Bales currently serves on the faculty of the law school at Northern Kentucky University. He move to Ada in June and take up his full-time position on July 1, he said. In the interim, he will travel as a Fulbright Senior Specialist to Jakarta, Indonesia. It will be his second such excursion.

He expects to obtain housing in Ada in May or June, and then perform some activities on behalf of the law school before he officially takes his post, he said. Although he has never lived in Ohio,, his Kentucky home is very close to the Ohio border and he said that he often goes across the bridge into Cincinnati while out running.

The school began its search for a new dean when Dean David C. Crago became ONU’s provost and vice president of academic affairs last summer. Stephen C. Veltri has served as interim dean since that time.

“Rick (Bales) is a great addition to the institution,” said Crago. “I am confident he will work closely with the faculty and staff to maintain and enhance the excellent tradition and reputation of the law college. I also would like to acknowledge Stephen Veltri’s strong leadership and dedication while serving as interim dean.”

Bales is an elected member of the American Law Institute and a fellow of the American Bar Foundation. He is actively involved in several sections of the American Bar Association, and chairs the ABA committee in charge of the National Negotiation Competition.

Bales, 45, said that he believes Ohio Northern’s law school has been doing a very good job to this point, and that he is taking over a school that is in a very strong position in the market.

Ohio Northern University’s law school, a small, private school near Lima, is not ranked in the top 100 of the U.S. News and World Report law school rankings. In fact, only three of Ohio’s nine law schools are so ranked.

But Bales notes that those rankings can be misleading and do not necessarily relate to the effect that a law school has on a graduate’s abilities to obtain a desired position after graduation. He said that the rankings are tuned into LSAT scores of incoming freshmen, and not to placing graduates into legal positions.

“The rankings mean something, because some applicants and some employers pay attention to them,” said Bales. “But the rankings themselves do not indicate the quality of the school, and this is where Ohio Northern excels.”

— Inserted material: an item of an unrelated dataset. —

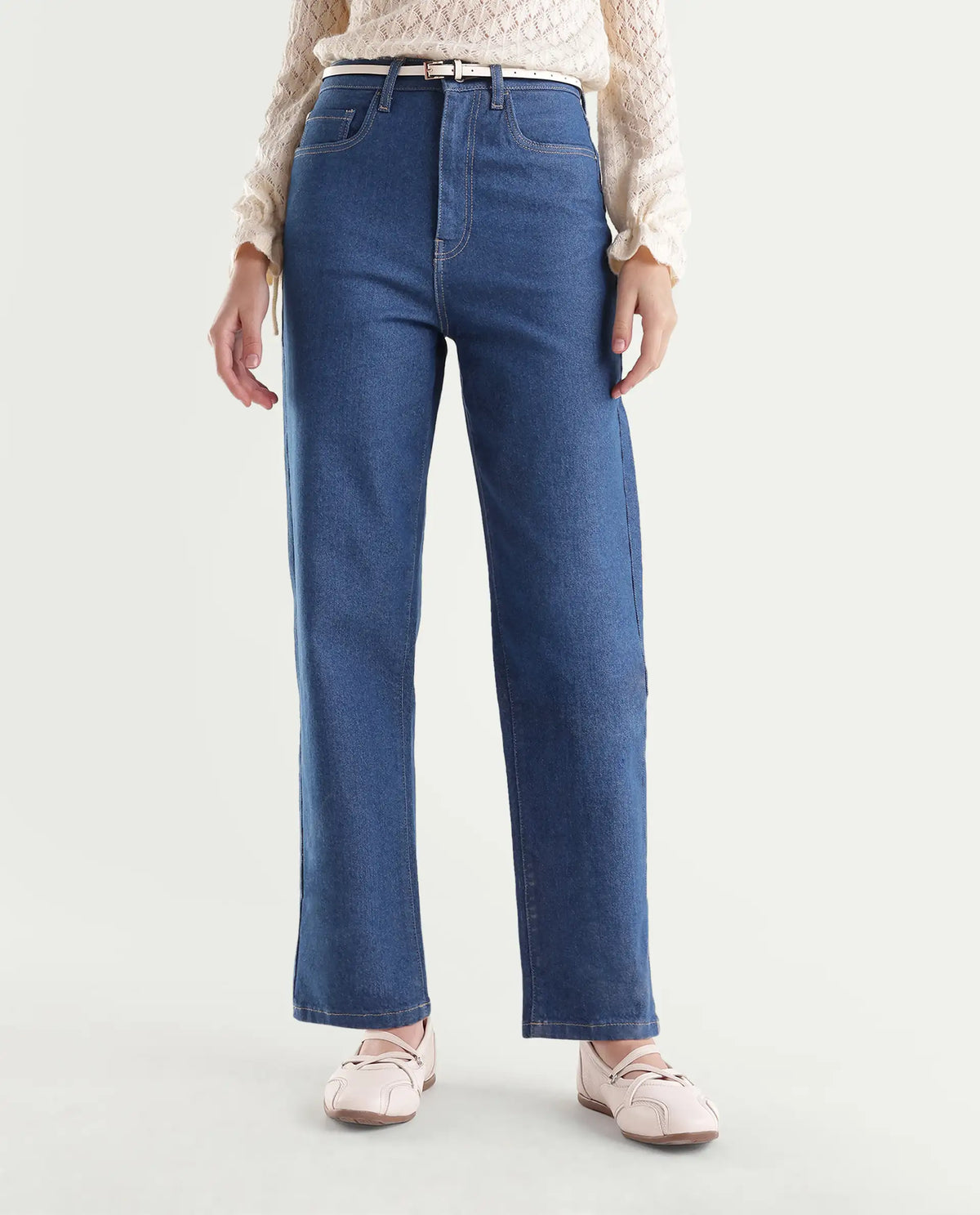 Rareism Women's Barol-2 Blue Cotton Blend Shank And Zipper Ankle Barrel Plain Jeans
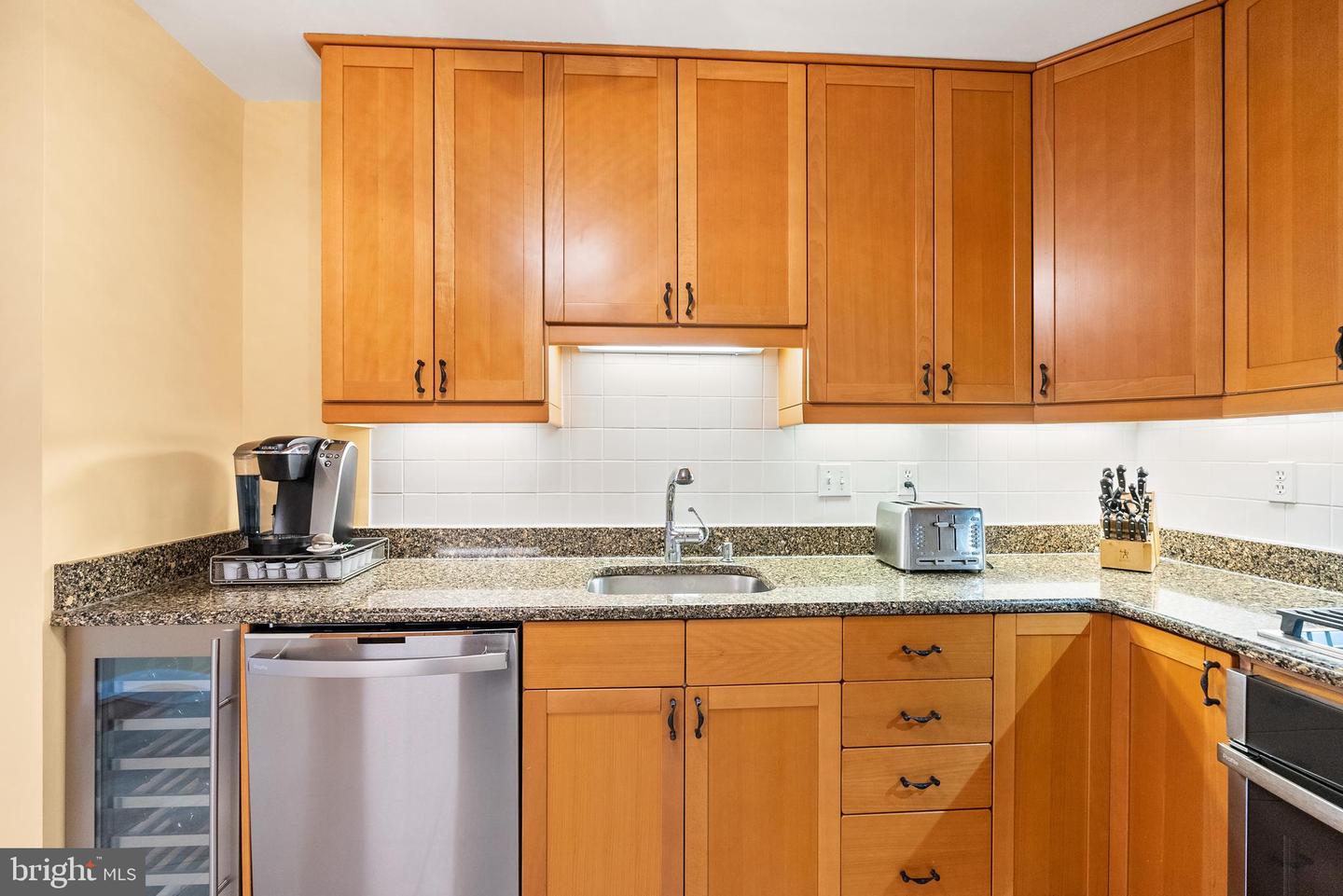 7802 WELLINGTON RD, ALEXANDRIA, Virginia 22306, 5 Bedrooms Bedrooms, ,3 BathroomsBathrooms,Residential,For sale,7802 WELLINGTON RD,VAFX2224540 MLS # VAFX2224540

In that latter category, ONU is one of the best in the state.

Last year, the school ranked ninth in the nation in placement in government and public service attorney positions, and second in the state in job placement for jobs requiring a law degree.

Veltri said that he was happy to be second, but “would like to do better. With Rick, we are looking to improve on the last 10 years of strong leadership.”

“Ohio Northern is an example of how a law school adds value to a student’s legal education,” said Bales. “Students come out with more than the knowledge that they need to pass the bar—they come out with legal and reasoning skills, and the bar exam is only one metric.”

Once Bales lands, he will spend time connecting with faculty, staff, students and alumni. “I will be listening to everything about the school,” he said. “What makes it tick. What the challenges are. I’ll do much more listening than talking.” He does not expect to teach, at least not for awhile.

Bales is, “a huge proponent of experiential learning in law school. Students learn much better by doing than by just lecturing. There must be room for other types of learning.”

He said that he believes that the ONU mission has been, “very successful. I look forward to building on that.”